[[ INFORMATION GIVEN open ]]

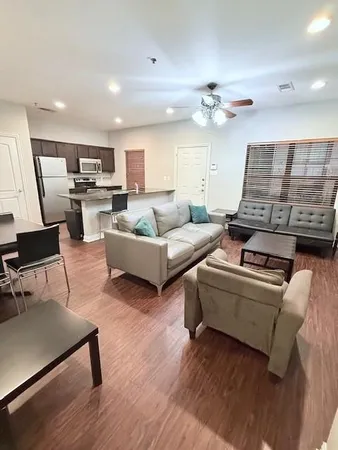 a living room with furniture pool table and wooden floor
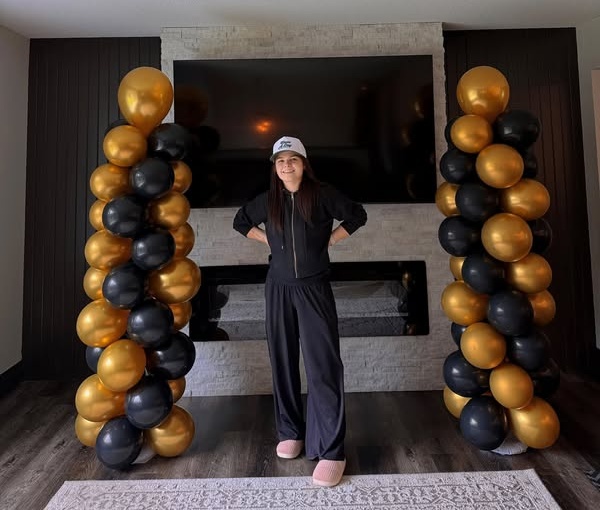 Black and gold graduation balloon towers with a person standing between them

[[ INFORMATION GIVEN closed ]]
[[ INFORMATION GIVEN open ]]

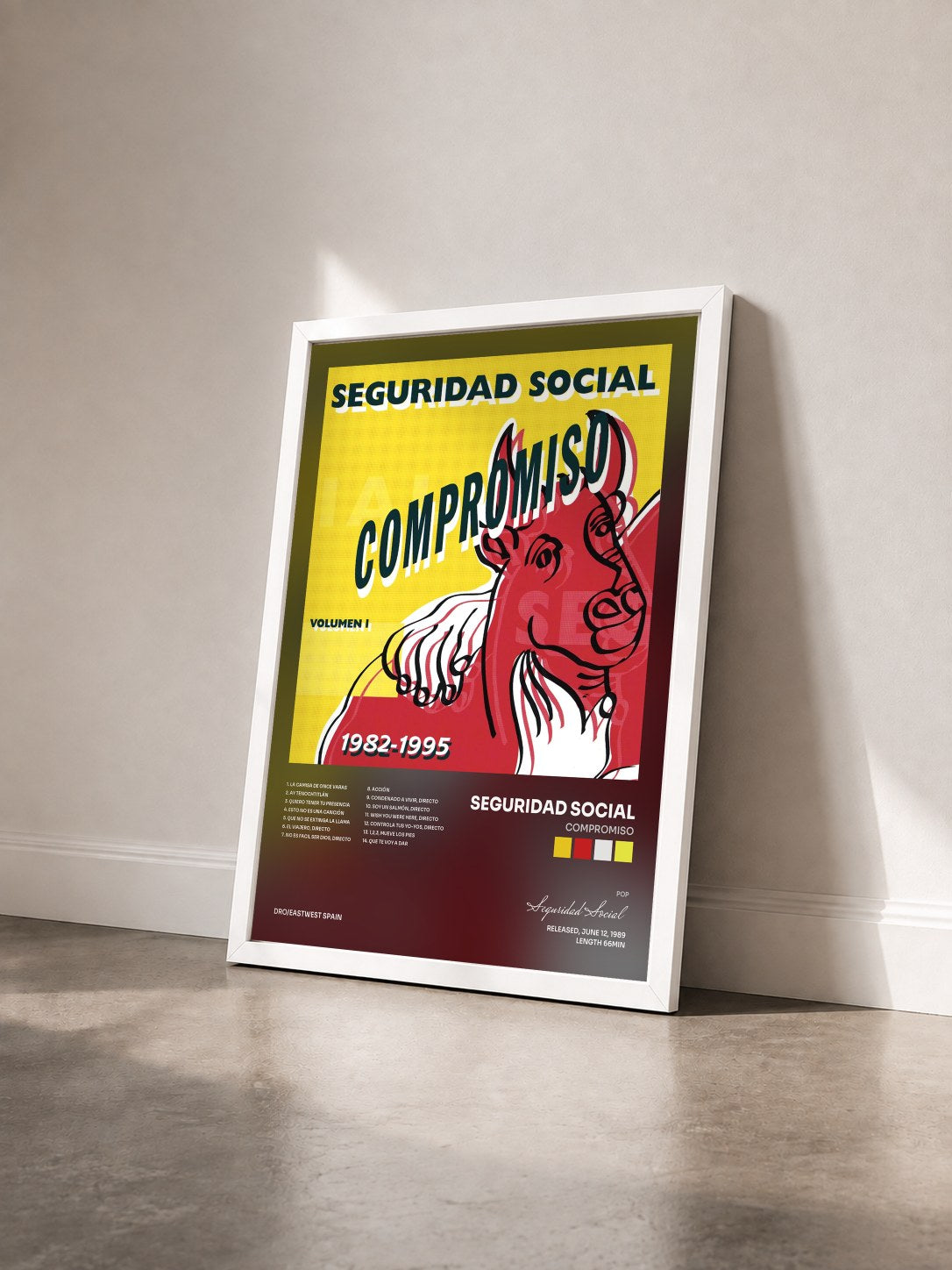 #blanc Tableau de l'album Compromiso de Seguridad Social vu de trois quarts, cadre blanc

[[ INFORMATION GIVEN closed ]]

# EXERCISE OBJECTIVE
Only one stretch of the listing above is to be duplicated: the lines from the one containing "a living room" through the one containing "Black and gold", both included. Copy them exactly, minus the pictures.

# OUTPUT OF THE EXERCISE
 a living room with furniture pool table and wooden floor
 Black and gold graduation balloon towers with a person standing between them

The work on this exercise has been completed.